Despite the Bulgarian passivity, Charron pushed on. In the summer of 1944, when it was already painfully obvious that Bulgaria should change sides in the conflict, he organised clandestine meetings between a representative of the Bulgarian government and US and British diplomats in Cairo.
It did not work. The Red Army was approaching the Bulgarian borders. The Bulgarians, who with their cautious policies had not cut ties with the USSR throughout the war, did not want to enrage Stalin by negotiating with the Allies behind his back. The United States and Britain did not want to risk their partnership with the Soviets over Bulgaria either. The early September negotiations in Cairo were the textbook definition of "too little, too late."

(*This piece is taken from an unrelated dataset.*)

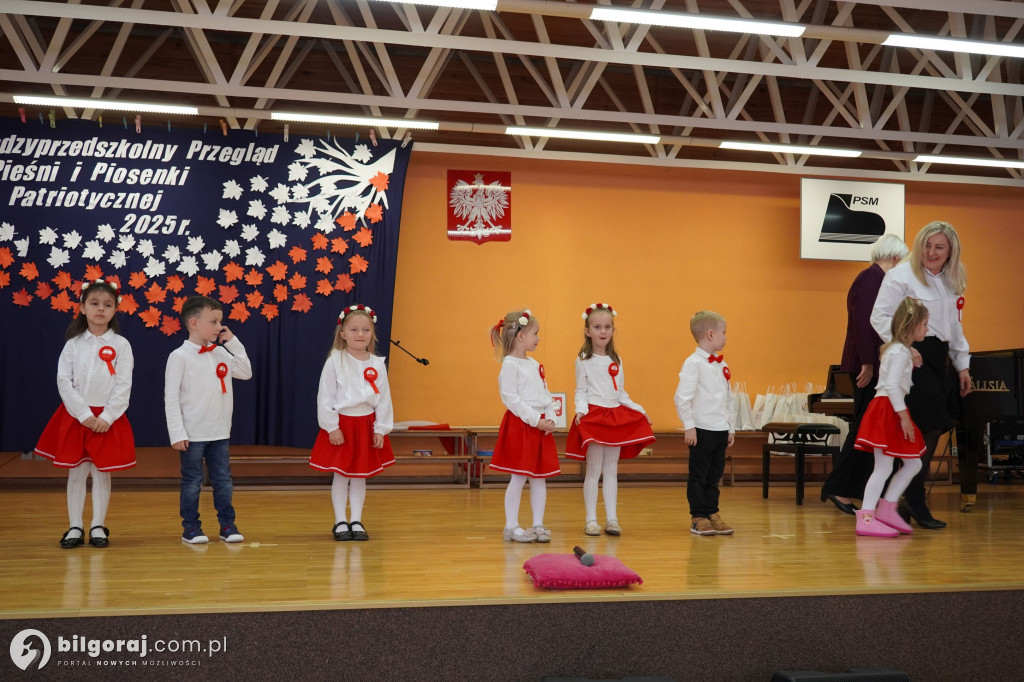 Od trzylatka do patrioty: Debiut I Międzyprzedszkolnego Przeglądu Pieśni Patriotycznych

On 5 September the USSR declared war on Bulgaria and three days later its troops crossed the border, meeting no resistance. On 9 September, a Soviet-backed coup overthrew the Bulgarian government.
What happened to Charron next?
Little is known about the life of this man who had such a profound effect on inter-war Bulgaria. He was born in 1894 into a Jewish family, but sources quote different years of his death – 1946 or in the 1960s, after working for a Switzerland-based Bulgarian merchant.
Was he an American spy? A telegram dated 27 February 1943, and written in code using nicknames for prominent Bulgarians such as King Boris III and the banker Atanas Burov, is in the Allen Dulles Archive. It reveals Bulgaria's uneasiness with its Nazi ally. The information reached Dulles through a source in Switzerland, disguised under the code name "492."
According to the notes in the archive, the person behind the number was a certain French national named René Charron, a Dulles informer. The same René Charron had another nick-name, "Boarman."
We will also probably never know what he was as a person. Documents show him as an outspoken man. In 1932, for example, Bulgaria threatened that it would stop repaying its international debt. The bluff, however, was not taken seriously, unlike that of Greece. The Bulgarian ambassador to Paris asked Charron why the two countries were treated so differently. "Because Greece won the war," Charron replied.
According to anecdotal evidence in Bulgaria, in 1943 Charron advised King Boris III against the planned deportation of Jews from Bulgaria and leaked shocking information about the fate of hundreds of thousands of Jews from Eastern Europe in the extermination camps. The Jews from Bulgaria proper were not deported, the ones from the Bulgaria-controlled parts of Macedonia and Aegean Thrace were.
Charron failed in his efforts to take Bulgaria out of the Second World War with the least damage possible. A handful of the thousands of houses that he built still stand in places like Ahtopol on the southern Black Sea coast or the village of Mladezhko in the Strandzha. His name, however, is still remembered by the elderly generations of every town and village where his sharonski kashti, or Charron's houses, as they are colloquially known, once meant a new life for so many people. And in the town of Tsarevo, where the Strandzha meets the Black Sea, there is now a street named after the French Jew, in loving memory from the Bulgarian refugees.